I hate watching him lose. What can I do, I’m a Federer kind of guy. Always have been. Something about Nadal never scratched me right. And even he, the Spanish Toro, seems unable to handle Novak Djokovic, even on clay. We’re bound for another matchup pretty soon at the Rome final, probably a preview for an epic Roland Garros one.
Back to Federer – When someone’s been that good for so long, you don’t realize when the big drop comes. I mean you see it, but can’t comprehend. It’s an injury you say, it’s a slump, he’ll get out of it. Federer still has amazing tennis in him, but he can’t seem to let it out and subside for too long. The unforced errors from the back line, the instincts betraying him and over all things, Roger Federer, a father now, travelling with his kids and wife everywhere, is an old man in the Tennis world.
Federer has made two finals in 2011, very early on, in Qatar and Dubai. He won the Qatar tournament. Since then its been mostly Djokovic (3 times) and Nadal in his way (twice). You keep thinking, when watching Federer struggle, that he’s going to bring it on any second now. When the tie-break arrives, you know he’s going to make it. He’s clutch. No one is better in this than him. And then he loses. And realizing that his time on our TV, on the tennis courts, is going to be over soon.

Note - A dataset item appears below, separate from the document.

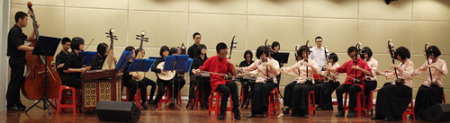 太平华联国民型中学的《山村小景》,以二胡诉说一腔柔肠,夺得荣誉金奖。(马来西亚《星洲日报》) 太平华联国民型中学的《山村小景》,以二胡诉说一腔柔肠,夺得荣誉金奖。(马来西亚《星洲日报》)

I don’t want to see him getting ousted over and over again by guys he has long long winning streaks against in the first and second round. We want our heroes to go down before it turns a bit awkward to watch. Federer isn’t at that stage yet. He has some tennis left in him. I don’t know how much drive is left after so many accomplishments and everything going on in his life. At some point, you’re over it, and you move on without looking back I think. He just doesn’t have enough to win another grand slam. Unless I’m wrong about him, again.